A country with an per capita income of 2000 dollars that addresses corruption, improves its governance and the rule of law could expect to see its income rise to 8000 dollars in the long run.
Not surprisingly, tackling corruption and governance can provide a major boost to a developing country, according to Kaufmann.
There are many successes at the project level that also illustrate what is feasible, such as the citizen’s report card in Bangalore, India, which has resulted in an increase in citizen satisfaction with local agencies and a decline in corruption, or expenditure tracking surveys in Uganda, which led to a reduction in budgetary leakages away from local schools, WBI said.

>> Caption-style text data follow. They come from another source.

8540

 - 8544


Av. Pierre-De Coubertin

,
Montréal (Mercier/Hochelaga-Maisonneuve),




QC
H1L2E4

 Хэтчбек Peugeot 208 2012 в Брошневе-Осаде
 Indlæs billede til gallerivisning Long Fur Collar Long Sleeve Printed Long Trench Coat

Countries like Botswana, Chile, Costa Rica and Slovenia, which have curtailed corruption to levels comparable with those of many wealthy industrialized countries, challenge the popular notion that a country needs to become rich in order to address corruption.
Research utilising a comprehensive governance database of 200 countries shows, in fact, that higher national incomes per capita result from improving governance, rule of law and corruption control.
In fighting corruption the main challenge is getting enormous political resolve, by national governments, the private sector, including multinationals, and international bodies.
The World Bank, which until the mid-1990s had been constrained from assisting countries fight corruption, significantly stepped up its efforts under current President James Wolfensohn, he said.
Through projects in about 100 countries, the Bank is assisting in this area. The Bank is also following ‘zero tolerance’ policy on corruption internally and has an aggressive approach to minimize corruption on Bank-funded projects. The Bank publicly names companies found to have been engaged in corrupt practices in its projects.
So far, more than 100 firms have been debarred by the World Bank.